**What you need to do**
Please restate the data that follows word for word, with the pictures left out.

**Given data**
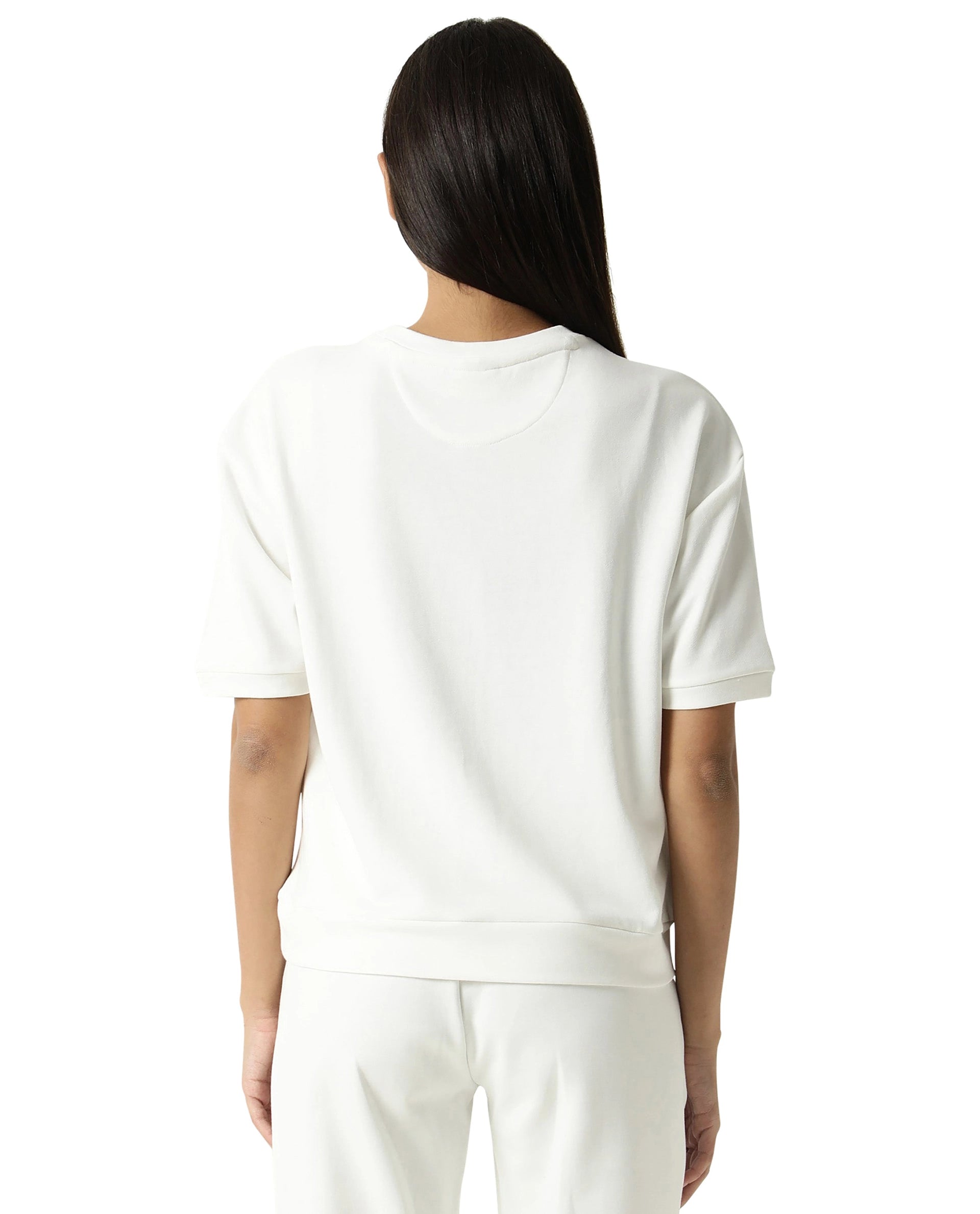 Rareism Women Coco Off White Cotton Fabric Half Sleeves Relaxed Fit Solid Round Neck Sweat Tee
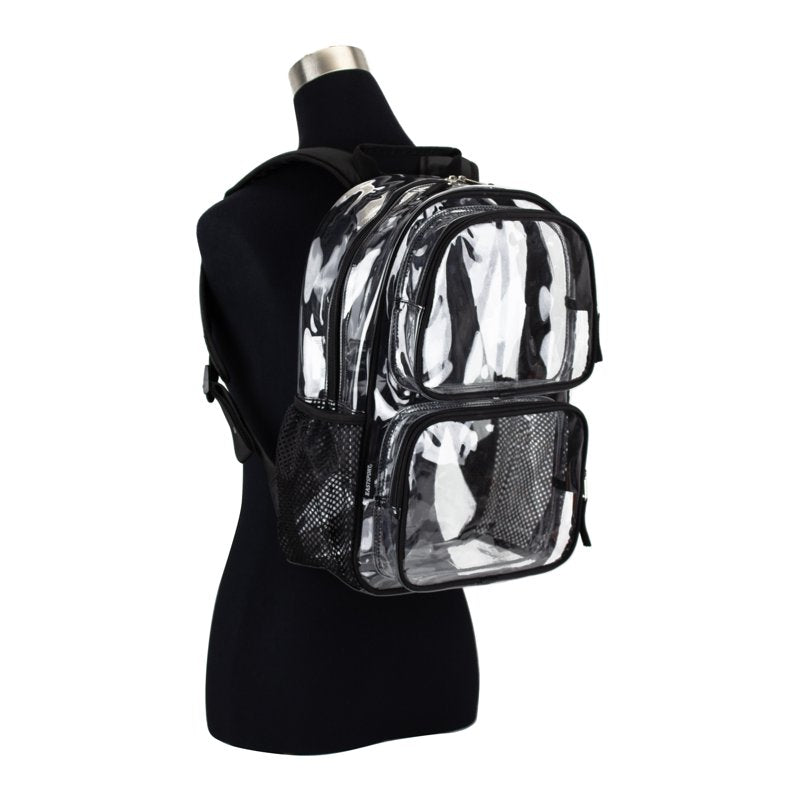 Clear Backpack for School Gym Travel - Padded & Water Bottle Pockets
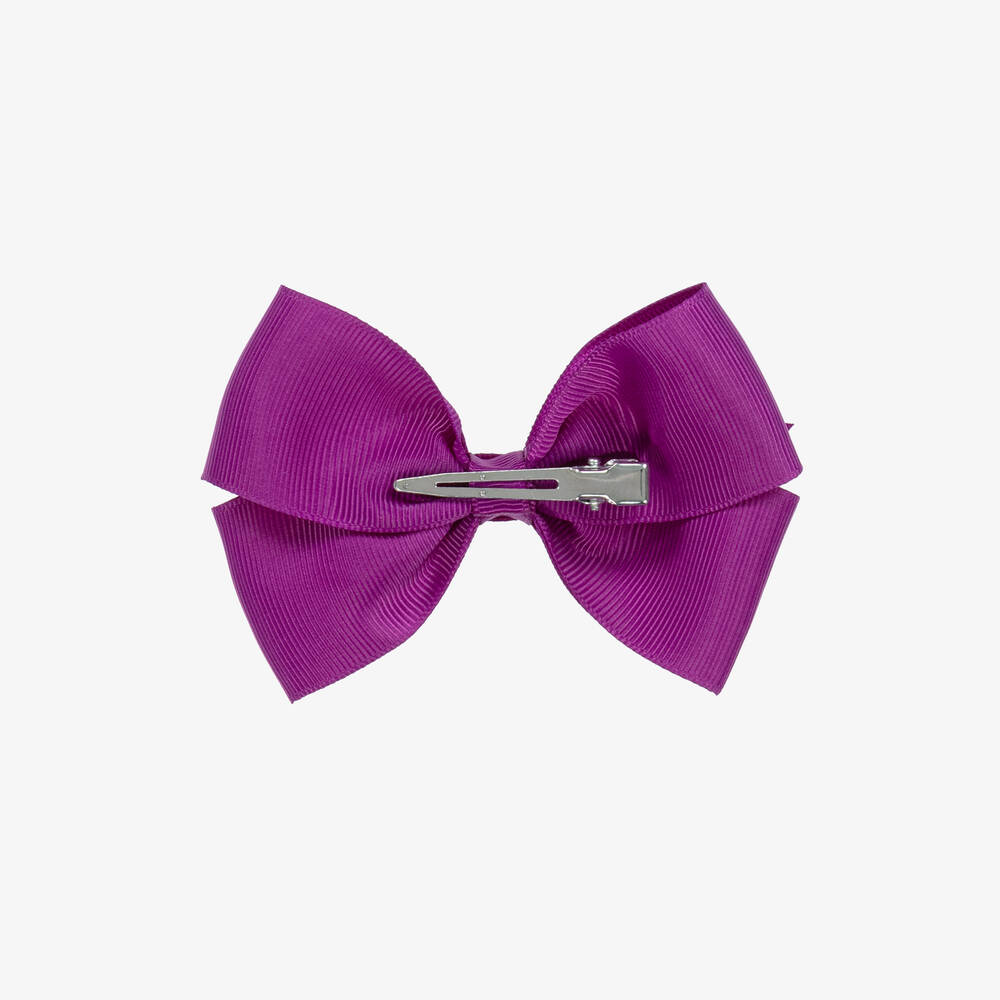 Bowtique London-Purple Bow Hair Clip (10cm) | Childrensalon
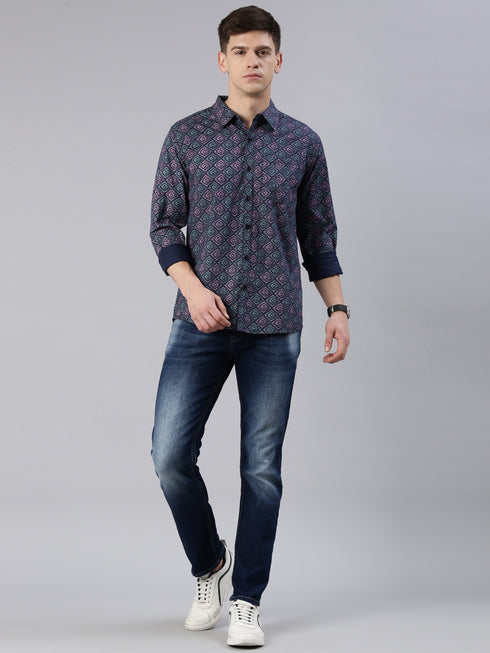 Navy Blue Printed Full Sleeves Shirt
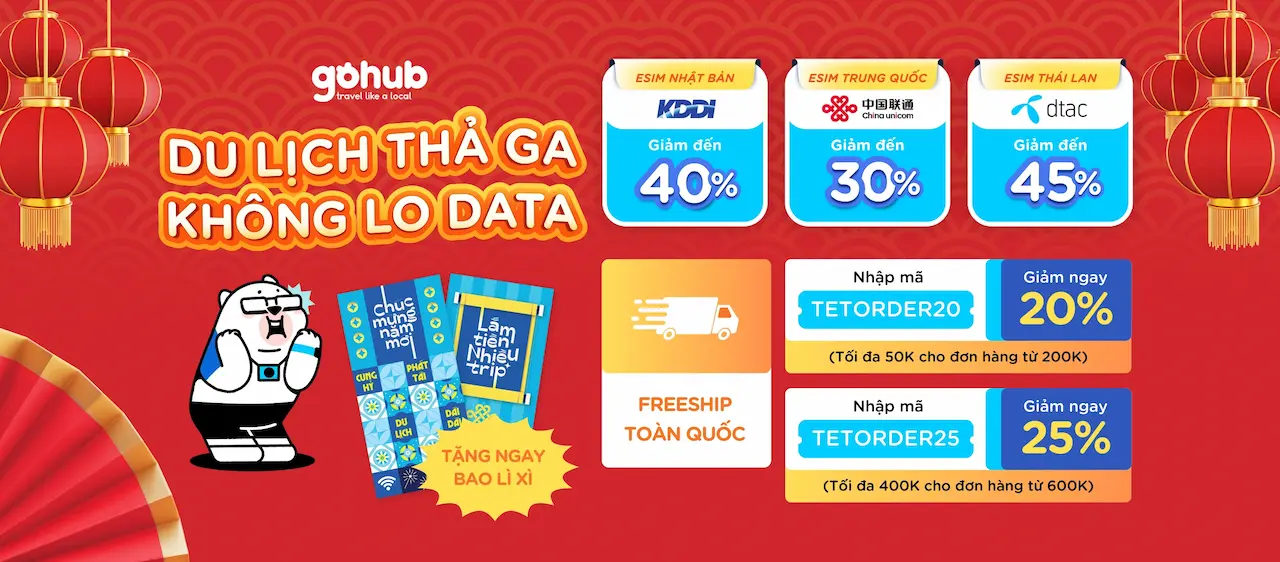 SIM DU LỊCH GOHUB SIM 1 eSIM Du Lịch Quốc Tế – Gohub Cùng Bạn Du Lịch Như Người Bản Xứ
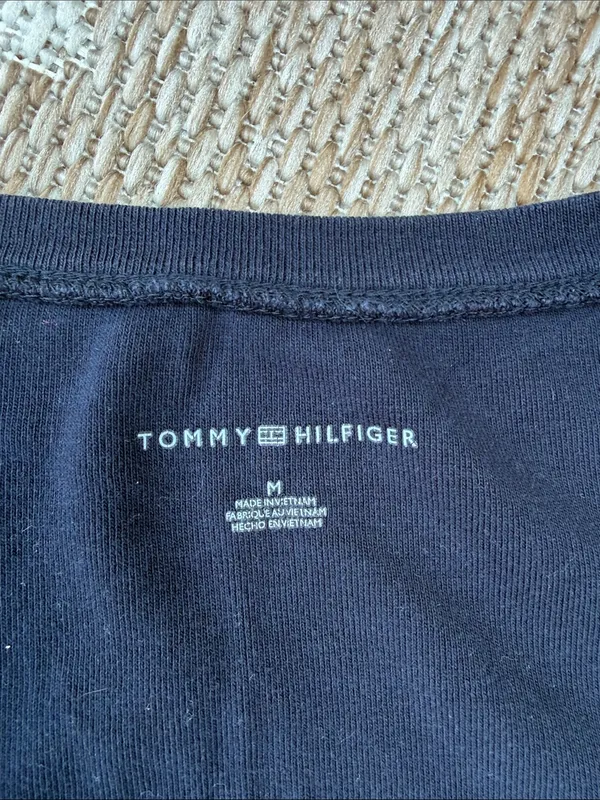 Tommy Hilfiger Navy V-Neck Short Sleeve Tee with Logo - Image 2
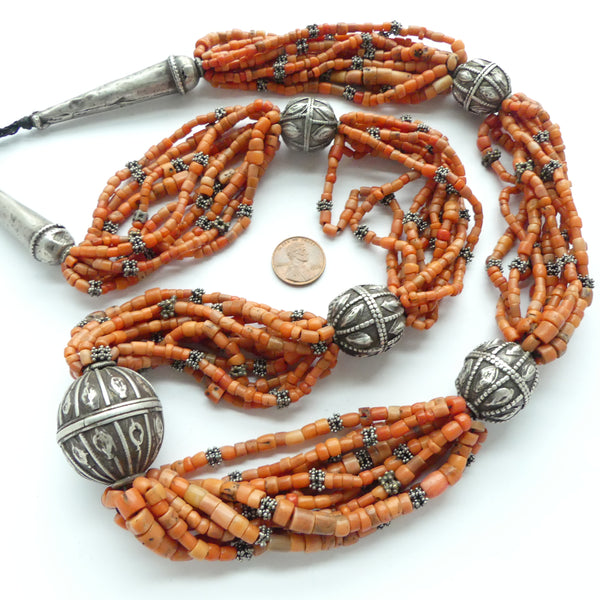 Yemeni Large Antique 10-strand Coral and Silver Necklace
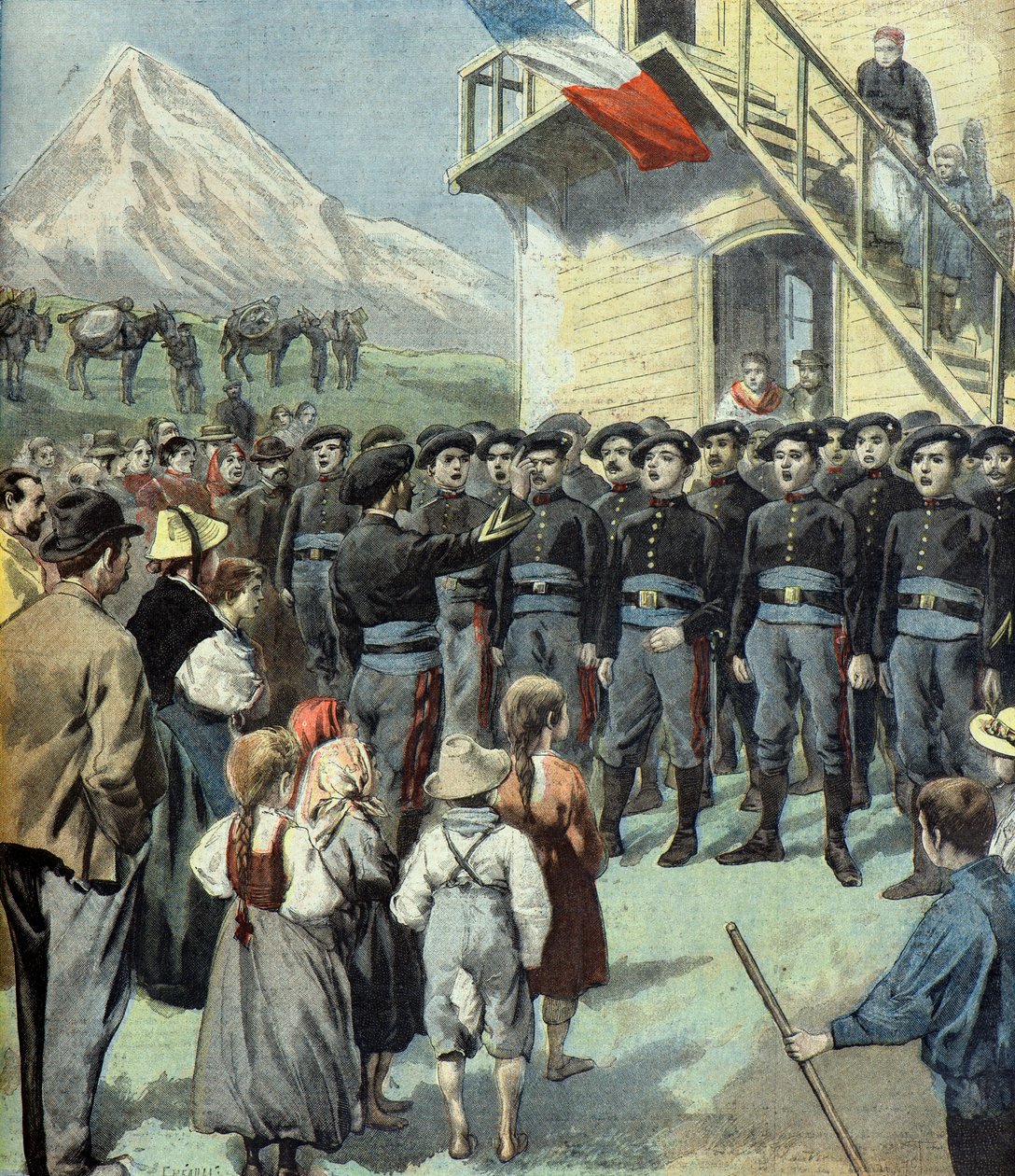 Chorale de chasseurs alpins, cesta Felixe Faureho do jižní Francie od Fortune Louis Meaulle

**Result for this exercise**
 Rareism Women Coco Off White Cotton Fabric Half Sleeves Relaxed Fit Solid Round Neck Sweat Tee
 Clear Backpack for School Gym Travel - Padded & Water Bottle Pockets
 Bowtique London-Purple Bow Hair Clip (10cm) | Childrensalon
 Navy Blue Printed Full Sleeves Shirt
 SIM DU LỊCH GOHUB SIM 1 eSIM Du Lịch Quốc Tế – Gohub Cùng Bạn Du Lịch Như Người Bản Xứ
 Tommy Hilfiger Navy V-Neck Short Sleeve Tee with Logo - Image 2
 Yemeni Large Antique 10-strand Coral and Silver Necklace
 Chorale de chasseurs alpins, cesta Felixe Faureho do jižní Francie od Fortune Louis Meaulle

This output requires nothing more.